Make no mistake, Bartlett is a real conservative.
My first real job out of graduate school was working for Ron Paul the first time he was elected to Congress in a special election in 1976. (He lost that same year and came back two years later.) In those days, he was the only Tea Party-type Republican in Congress.
After Paul’s defeat, I went to work for Congressman Jack Kemp and helped draft the famous Kemp-Roth tax bill, which Ronald Reagan signed into law in 1981. I made important contributions to the development of supply-side economics and detailed my research in a 1981 book, Reaganomics: Supply-Side Economics in Action.
I went to work for the Heritage Foundation, but left in 1987 to join the White House staff.
Afterwards I worked for the Cato Institute and the National Center for Policy Analysis, a conservative think tank based in Dallas. I wrote regularly for the Wall Street Journal editorial page, National Review, and other conservative publications. For 12 years I wrote a syndicated column that ran in the Washington Times, Investor’s Business Daily, the New York Sun, and other conservative newspapers.
The article is interesting all around, but I'm blogging it because of a striking observation in the middle. Again, recall that this is from one of the architects of supply-side economics.

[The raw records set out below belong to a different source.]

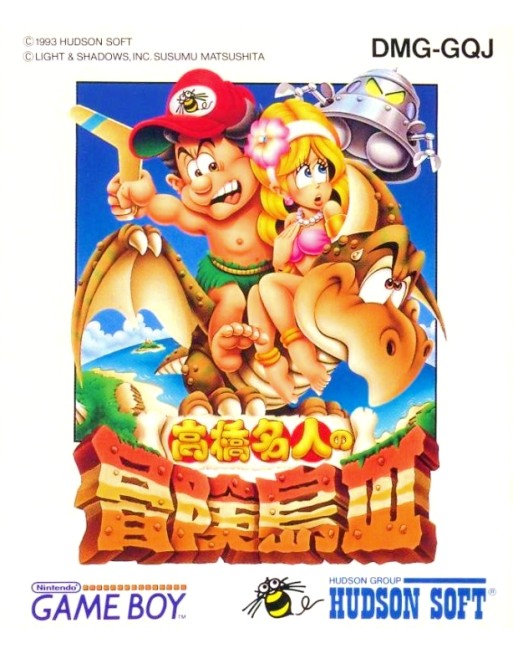 Takahashi Meijin no Bouken Jima III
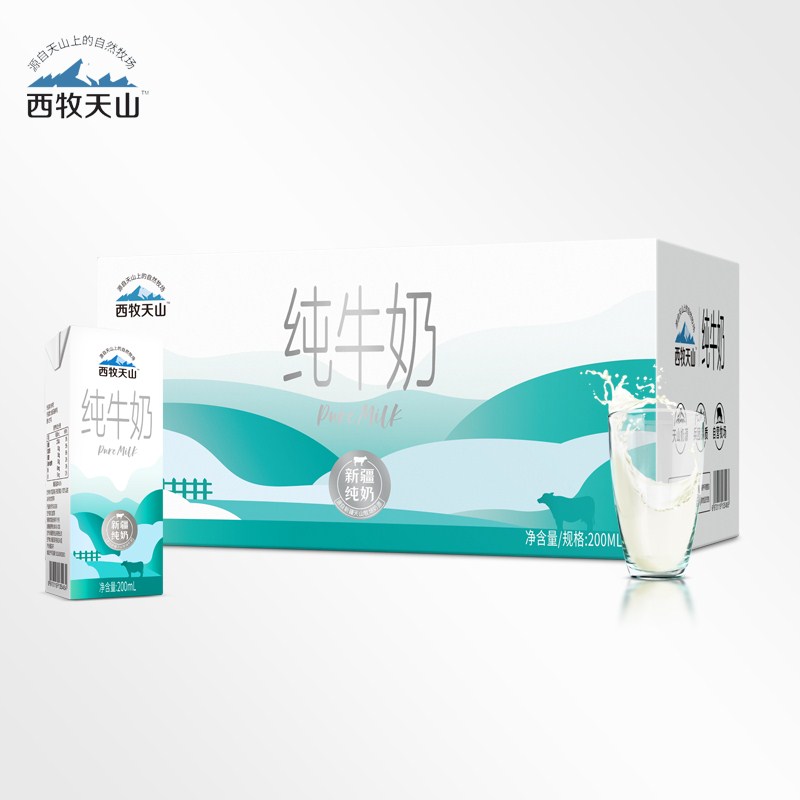 暖冬送礼 | 西牧天山纯牛奶礼盒12盒/箱
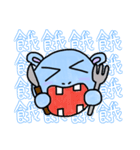 Chuchu Hippo（個別スタンプ：9）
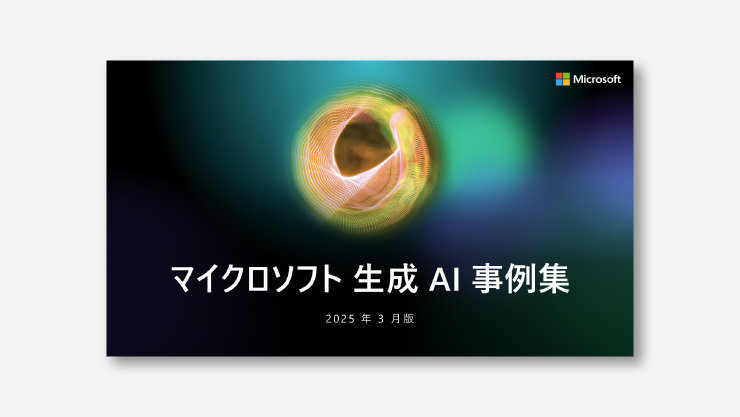 マイクロソフト 生成 AI 事例集[2025 年 3 月版]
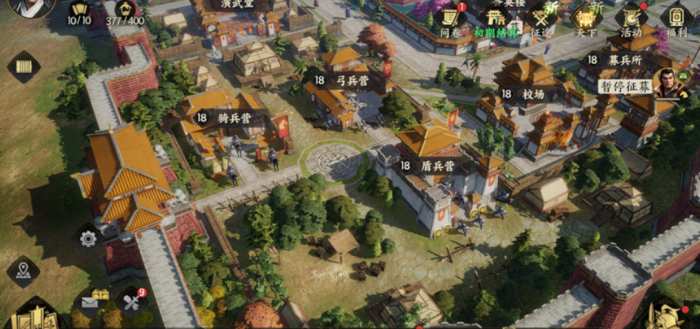 三国群英传策定九州4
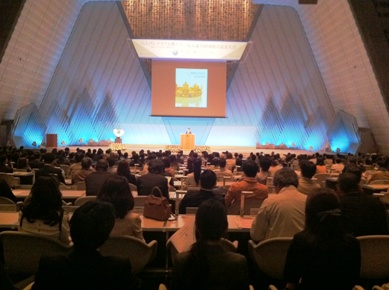 京都国際会館で講演_f0088456_045489.jpg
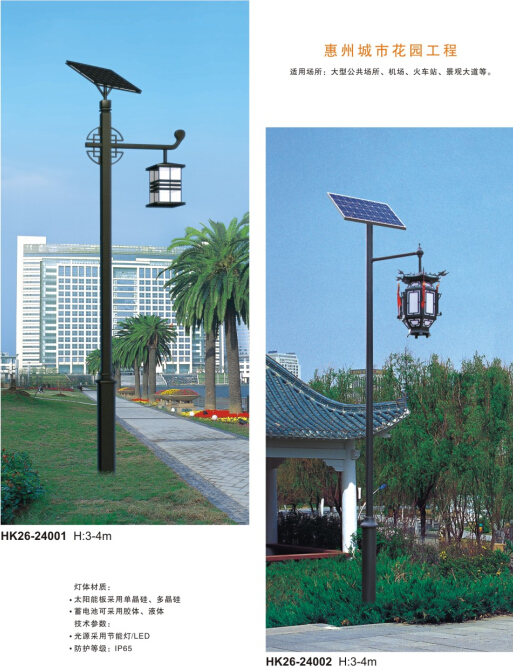 太陽能庭院燈 太陽能庭院燈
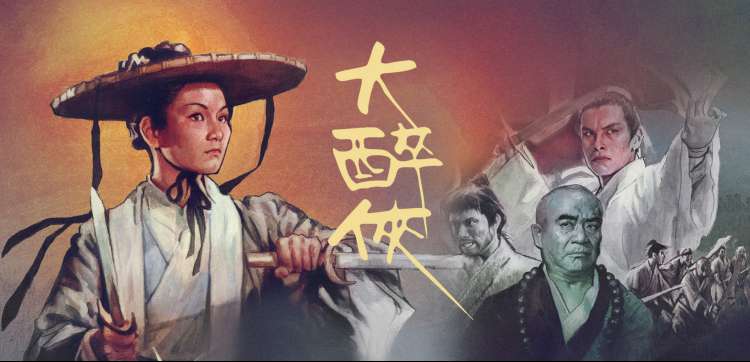 手机追剧平台番剧更新节奏说明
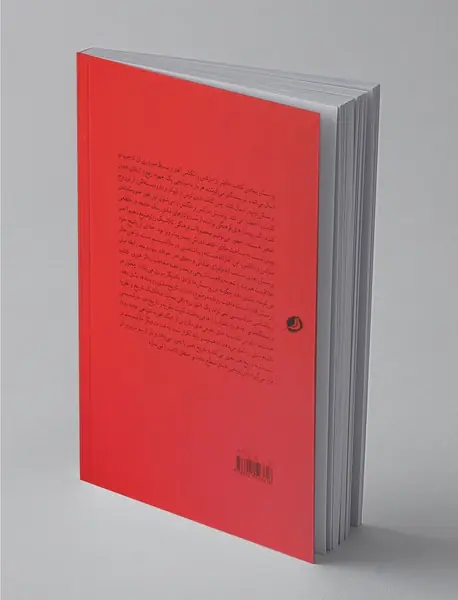 مارکسیسم و تاریخ هنر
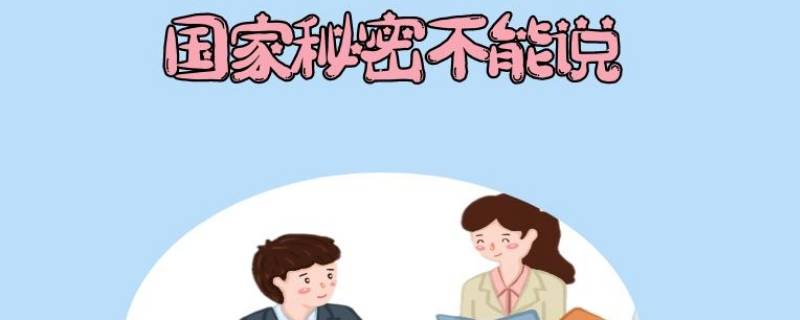 国家秘密及其密级的具体范围由国家哪一机关确定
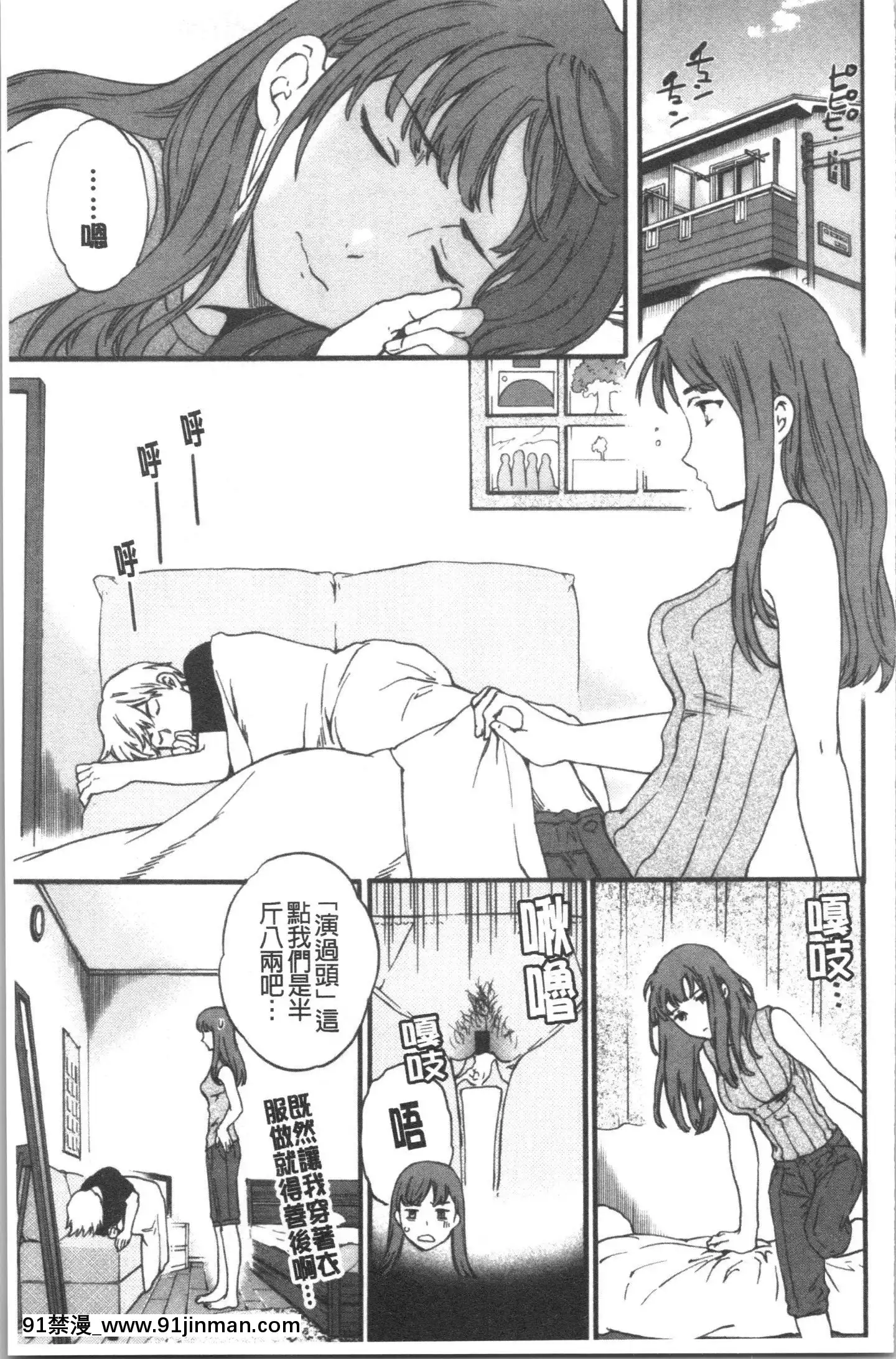 [4K漢化組][Cuvie]INSULT[道具 h漫]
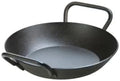 Lodge Pre-Seasoned Carbon Steel Skillet, Dual Handle, 8 Inches by Lodge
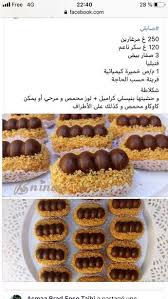 Sable Moderne Cookies Recipes Christmas Dessert Recipes Easy Dessert Recipes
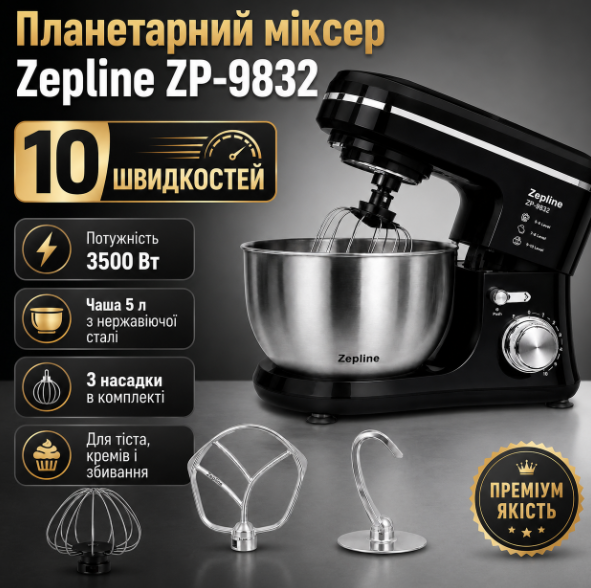 Стаціонарний планетарний міксер з металевою чашею для приготування кремів та соусів Zepline Електричний кухонний тістоміс з високою потужністю 3500 Вт Чорний - зображення 3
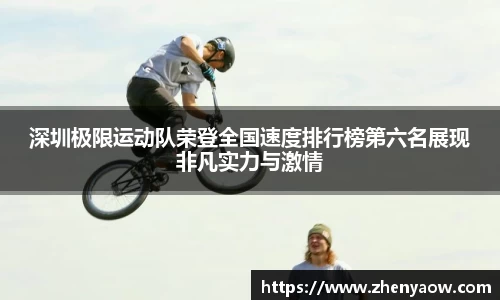 深圳极限运动队荣登全国速度排行榜第六名展现非凡实力与激情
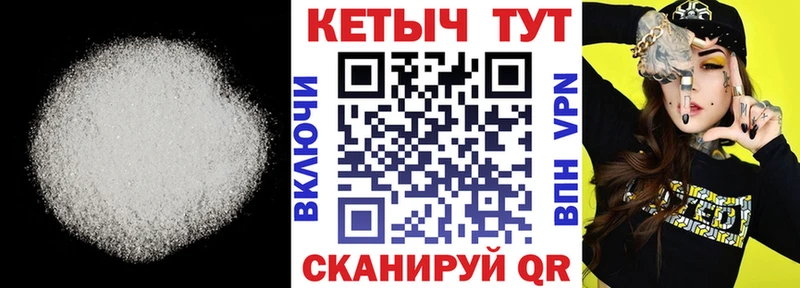 как найти наркотики  Лысково  КЕТАМИН VHQ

I thought I had two perfect examples that fit my model of the rise and fall of economic ideas: Keynesian economics and supply-side economics. I thought at first I knew enough about the former to say what I wanted to say, but eventually I found the research I had previously done to be wanting. It was based too much on what academics thought and not enough on how Keynesian ideas penetrated the policymaking community.
I hit upon the idea of ignoring the academic journals and looking instead at what economists like John Maynard Keynes, Irving Fisher, and others said in newspaper interviews and articles for popular publications. Recently computerized databases made such investigation far easier than it previously had been.
After careful research along these lines, I came to the annoying conclusion that Keynes had been 100 percent right in the 1930s. Previously, I had thought the opposite. But facts were facts and there was no denying my conclusion. It didn’t affect the argument in my book, which was only about the rise and fall of ideas. The fact that Keynesian ideas were correct as well as popular simply made my thesis stronger.
I finished the book just as the economy was collapsing in the fall of 2008. This created another intellectual crisis for me. Having just finished a careful study of the 1930s, it was immediately obvious to me that the economy was suffering from the very same problem, a lack of aggregate demand. We needed Keynesian policies again, which completely ruined my nice rise-and-fall thesis. Keynesian ideas had arisen from the intellectual grave.....
For the record, no one has been more correct in his analysis and prescriptions for the economy’s problems than Paul Krugman.